J’ai fait plusieurs documentaires sur l’exil, un sur la route, l’idée de traverser la moitié d’un continent pour aller ailleurs, un autre sur l’arrivée dans un pays d’accueil. Pour clore le sujet, raconter ce avec quoi voyagent ces exilés au fond d’eux-mêmes me paraissait extrêmement important. Souvent, on ne voit leur arrivée que sous le prisme de la langue qui n’est pas parlée et de choses très terre-à-terre. Cela m’intéressait de raconter à quel point ils portent en eux quelque chose de lourd dont ils ne se délestent jamais complètement, le trauma, et comment il est possible à un moment de se dire "malgré tout ce que j’ai vécu, je vais revivre".

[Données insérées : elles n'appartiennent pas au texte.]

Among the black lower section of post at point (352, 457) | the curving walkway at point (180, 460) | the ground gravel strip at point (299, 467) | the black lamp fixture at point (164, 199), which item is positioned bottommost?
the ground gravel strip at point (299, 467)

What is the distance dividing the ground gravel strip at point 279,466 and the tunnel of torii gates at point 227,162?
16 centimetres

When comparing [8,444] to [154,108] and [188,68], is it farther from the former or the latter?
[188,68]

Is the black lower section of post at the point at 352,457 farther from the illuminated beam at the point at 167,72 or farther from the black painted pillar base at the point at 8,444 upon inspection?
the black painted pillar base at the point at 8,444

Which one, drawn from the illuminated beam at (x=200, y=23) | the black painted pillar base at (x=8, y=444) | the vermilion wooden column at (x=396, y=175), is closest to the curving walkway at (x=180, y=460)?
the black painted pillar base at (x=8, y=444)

Comment avez-vous géré le rythme du film avec son côté obsessionnel, la répétition des filatures, etc., sans perdre le côté captivant ?
Mon but était que l’on vive tous les évènements à l’intérieur de la tête du personnage principal et que même les scènes anodines puissent être vécues de manière haletante et forte. On ne se dit pas qu’on est juste assis dans une bibliothèque, on se dit : est-ce que le personnage va réussi à ne pas craquer ? Est-ce qu’il va tenir ? Est-ce qu’il va rester assis ? Mon but était de mettre de la tension à partir de choses très simples. J’ai toujours su que l’image serait assez peu spectaculaire en elle-même, mais ce qui est plus audacieux, c’est un grand travail sur le son et un rythme de montage qui fait qu’on a l’impression que tout s‘interpénètre, que rien ne s’arrête jamais et qu’on a un point de vue particulier sur chaque scène.

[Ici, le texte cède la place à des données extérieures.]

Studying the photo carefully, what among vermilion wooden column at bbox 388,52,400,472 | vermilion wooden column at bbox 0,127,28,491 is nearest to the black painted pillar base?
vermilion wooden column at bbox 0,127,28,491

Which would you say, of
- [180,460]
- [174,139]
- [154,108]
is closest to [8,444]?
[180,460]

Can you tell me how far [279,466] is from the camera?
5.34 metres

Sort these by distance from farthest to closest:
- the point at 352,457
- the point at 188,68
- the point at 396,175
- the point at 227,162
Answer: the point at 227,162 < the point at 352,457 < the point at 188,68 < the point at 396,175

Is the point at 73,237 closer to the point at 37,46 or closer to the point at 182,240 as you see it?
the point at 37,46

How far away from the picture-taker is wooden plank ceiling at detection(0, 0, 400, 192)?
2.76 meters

Quelles ont été vos inspirations pour la couche "cinéma de genre" ?
Dès que j’ai découvert le sujet, je me suis dit que c’était de l’espionnage, ce qui me fascine en tant que spectateur et en tant que cinéaste car c’est de l’observation et du mensonge : cela a été mes deux grandes lignes pour construire le film. Parmi mes références, je peux mentionner Conversation secrète qui réussit à créer un monde et de la tension sans être spectaculaire, mais aussi le film allemand La vie des autres où l’on se rend bien compte que l’espionnage n’est qu’un moyen d’accéder à la question du couple, de la grande Histoire, à raconter une époque. Ces films m’ont inspiré dans le fait d’utiliser les codes du genre pour mieux lire un propos plus profond.

Comment avez-vous choisi vos acteurs principaux : Adam Bessa et Tawfeek Barhom ?

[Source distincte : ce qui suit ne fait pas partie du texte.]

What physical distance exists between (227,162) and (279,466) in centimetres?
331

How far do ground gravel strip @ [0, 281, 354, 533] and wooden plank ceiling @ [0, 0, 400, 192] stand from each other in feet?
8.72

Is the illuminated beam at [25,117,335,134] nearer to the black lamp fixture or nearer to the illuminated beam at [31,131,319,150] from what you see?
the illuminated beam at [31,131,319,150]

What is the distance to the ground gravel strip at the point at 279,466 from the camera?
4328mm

Cela a été un processus très long parce que je voulais des acteurs arabophones et j’avais envie de visages auxquels on n’est pas forcément habitué dans le cinéma français. Le casting a duré plus d’un an sur quasiment quatre pays. Quand j’ai rencontré Adam, je me suis rendu compte que l’intensité que je cherchais pour le personnage, c’était la première fois que je la voyais : quelqu’un qui soit capable d’être assis sans rien faire et dont on puisse sentir le tourbillon fou des pensées, la possibilité qu’il puisse se lever et aller poignarder l’autre, qu’on puisse avoir peur pour lui et peur de lui, que quelque chose pèse sur ses épaules. Pour Tawfeek qui joue celui qui est poursuivi, il fallait un magnétisme immédiat et évident, que même de loin, un peu flou, de dos, cela nous donne tout de suite envie d’en savoir plus car le film est construit sur le fait qu’on découvre petit à petit de toutes petites parcelles de son visage et de son corps.

Quelles étaient vos principales intentions visuelles ?
Je voulais des décors doux, plutôt colorés, pastel, qu’on ne soit pas dans quelque chose où tout nous raconte que c’est un film de genre, dur et plombé par la réalité. Il fallait donner l’impression que les enjeux du héros ne se passent que dans sa tête et qu’autour de lui, tout va bien. Ensuite, ce sont des choix d’angles, de plans et de durées de plan mêlés à de choix sonores assez radicaux qui racontent l’hyper acuité du personnage.